On May 3 and May 4, a panel of 11 Supreme Court justices convened for a televised broadcast to rule on petitions to disqualify indicted Israeli Prime Minister Benjamin Netanyahu from being assigned the task of constituting the next government coalition, and to invalidate the Likud/Blue and White agreement as to the future mode of functioning of that joint coalition.
Although overall it was conducted in a general atmosphere of restrained respectability, the hearing exuded a discernible aura heralding that perceptible changes in the long-existing societal power structure in Israel were in the air.
Commenting on the televised proceedings, the vehemently Bibiphobic journalist, Anshel Pfeffer, of the far-left daily Haaretz, wrote: “… the judicial bonhomie could barely hide the fact that the justices knew they are fighting for their very legitimacy … .”

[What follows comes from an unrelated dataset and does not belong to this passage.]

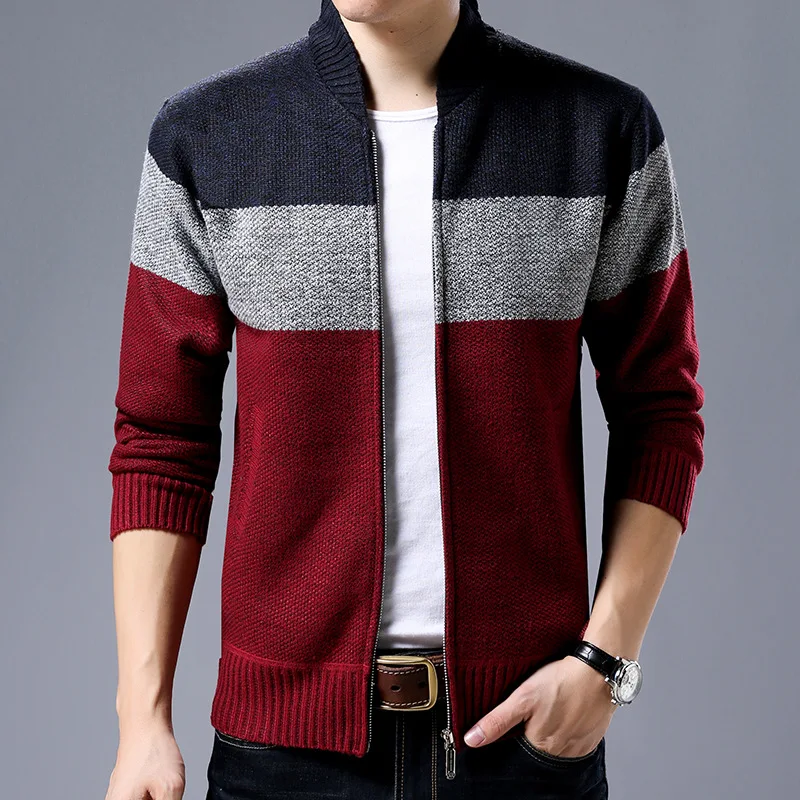 

Men's long sleeve stand collar matching color striped thick cardigan sweater trend young men's individual knitwear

True, on the night of May 6, all 11 justices ruled unanimously that Netanyahu was, in fact, eligible to form the next government, and apart from some perfunctory remarks of displeasure on several clauses in the coalition agreement, they elected to refrain from any robust initiatives to mandate far-reaching changes in it. However, despite this, hardly any seasoned observer of the machinations of Israeli politics could fail to detect a palpable sense of growing recognition that the decades of judicial overreach were testing the limits of public patience, as well as judicial intrusion into the realm of politics is being perceived as increasingly unacceptable. But more on that later.
Subverting the democratic process
Thus, for example, despite the Supreme Court restraint, Gadi Taub, a senior lecturer at Hebrew University of Jerusalem’s School of Public Policy, found that the fact that the court even agreed to discuss the appeal was “outrageous,” “mind-boggling” and an “amazing feat of audacity.”

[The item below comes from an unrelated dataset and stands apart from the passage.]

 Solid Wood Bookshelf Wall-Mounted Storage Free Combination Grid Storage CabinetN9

Thus, according to Taub, “In agreeing to adjudicate this issue in the first place, the court is behaving as if it feels it needs to protect democracy from citizens.”

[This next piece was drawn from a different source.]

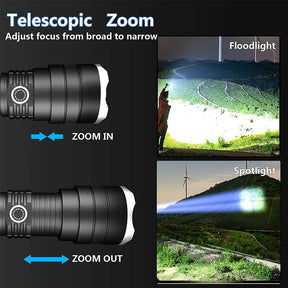 Rechargeable Waterproof Flashlights 4 Modes Zoomable for Camping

He pointed out: “There is no judiciary in any proper democracy as powerful as Israel’s Supreme Court,” remarking acerbically that: “In its own opinion, there is no limit to its power; there is nothing it does not believe is judicable, and it has the last word on everything.”
Taub observed that Menachem Mautner, former dean of Tel Aviv University’s left-leaning law faculty, wrote in his book, Law and the Culture of Israel, that, as the left has regularly failed to win at the ballot since 1977, it has decided to exploit the Supreme Court to advance its worldview. Thus, in Taub’s view, the leftist approach has been to subvert the democratic process “by moving political power from elected to appointed institutions—from the parliament to the court.”
The law as a political weapon
Accordingly, the belief that the law is being used (or rather, abused) as a weapon to advance a political doctrine that has failed to win support at the polls has taken root across diverse segments of Israeli society—as has the view that the Supreme Court has been complicit in helping minority constituencies impose their view on wider portions of the electorate (see Hirschl above).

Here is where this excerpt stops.